Avez-vous eu une explication avec vos joueurs après la rencontre?
J'aurais voulu, qu'on se retrouve autour d'un verre, qu'on parle, qu'on échange, qu'on boive et qu'on se dise que l'aventure est belle. Même là, j'ai été déçu, le groupe s'est éparpillé. Force est de constater qu'on vous donne raison, pour l’instant en tout cas. Même s'il n'y a pas de marasme ou de fracture.

«J’ai vu des joueurs avec leur agent plutôt de se rassembler et parler ensemble»

Comment rebondir maintenant? Vous donnez l’impression d’être résigné…
A aucun moment je n’ai parlé de résignation. J’ai envie me battre. J’ai peut-être un paquet de défauts, je suis peut-être comme beaucoup le pensent juste un entraîneur de Pro D2 (NDLR : du côté de Dax) absolument pas compétent pour entraîner une équipe du standing de la France, mais se battre je sais ce que cela veut dire et je n’ai pas envie de lâcher… Je ne me fais plus d’illusion. En cas de défaite la semaine prochaine, le bouc-émissaire est tout trouvé. Mais je m’en fous, mon image m’importe peu. Je veux juste que les joueurs relèvent la tête et fassent honneur aux supporters.

Mais votre groupe a-t-il assez de caractère pour se rebeller?
Quand on les prend un par un, j’ai des joueurs talentueux. Peut-être pas aussi talentueux que je veux l’espérer. Mais je pense qu’on a d’abord failli dans l’engagement. Quand on triche sur un terrain, on rate les passes, les placages. La dynamique d’une équipe de rugby n’est jamais évidente à trouver mais je pense qu’ils ont le potentiel pour battre l’Angleterre.

Votre discours va-t-il évoluer cette semaine?
Il va rester le même, mais je risque de leur parler de manière plus virulente. Encore une fois, cette aventure leur appartient. J’ai du respect et de l’estime pour eux et je pense que c’est réciproque. Mais je ne me fais pas d’illusions. On est dans une société où l’image prime. J’ai vu des joueurs avec leur agent après le match plutôt de se rassembler et parler ensemble. Je sais qu’ils ont une carrière et une image à gérer. Malgré tout, je sais que ce sont des bons mecs quand je les prends un par un.

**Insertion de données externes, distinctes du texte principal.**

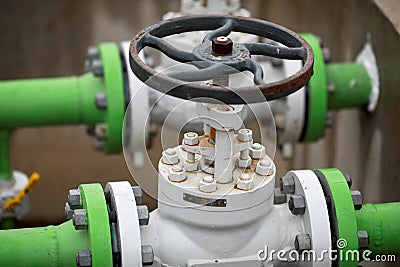 Industrial equipment pipes, manometer/pressure gauge, levers, faucets, indicators in a natural gas compressor station Stock Photo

«Ma femme m’a fait la gueule»

Vous sentez-vous trahi?
Il faut arrêter. Ce n’est que du rugby. D’autres équipes de France ont déjà fait des matchs pourris. Ils se trahissent eux d’abord.

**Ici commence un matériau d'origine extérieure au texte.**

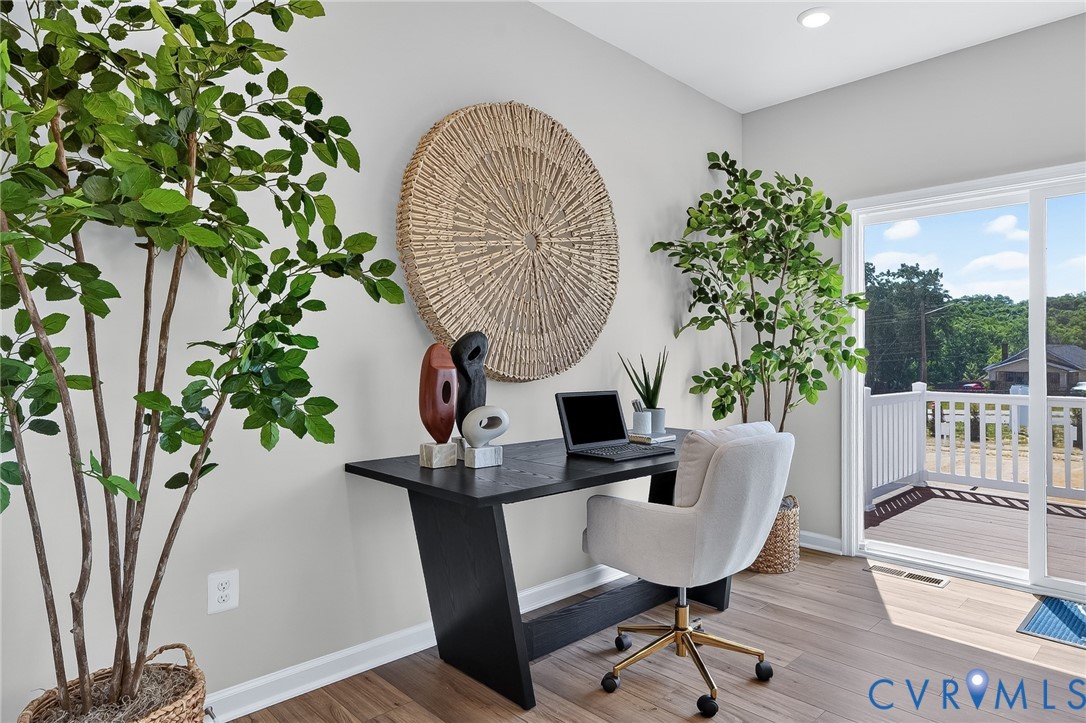 Recessed lighting, light-toned wall paint, wood-finish flooring, sliding glass door, and exterior decking with white railing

On vous sent aussi déçu par ce qui s’est passé dans la soirée que par la défaite?
Oui, il y a de cela. A la fin du match, j’ai sorti trois packs de bière, j’ai dit aux joueurs qu’on se lâchait et qu’on était qualifié. Oui, c’est une forme de déception que de ne pas savoir se dire les choses. Ma femme m’a fait la gueule parce que je ne suis pas aller dormir avec elle. Je lui ai dit qu’on avait toute la vie pour dormir ensemble et que je ne vivrais qu’une Coupe du monde.

Pourquoi ne pas avoir provoqué cette réunion vous-même?
J’ai été pris de cours. J’avais des obligations médiatiques avec TF1, Eurosport et je ne sais plus qui. Quand je suis revenu dans les vestiaires, il n’y avait plus personne. Certains étaient déjà à l’hôtel, d’autres étaient partis. Ils avaient envie de retrouver leur épouse plutôt que laver leur linge sale en famille… On me dit parfois que je bride trop mes joueurs, d’autres fois que je ne suis pas assez père fouettard. On me compare aussi à Raymond Domenech. Sachez que j’ai le plus grand respect pour Raymond Domenech. Il s'est battu. Il a certainement sa part de responsabilité, j'ai la mienne. Mes joueurs se sont gaussés des footballeurs mais quelque part on n’est pas descendu du bus samedi.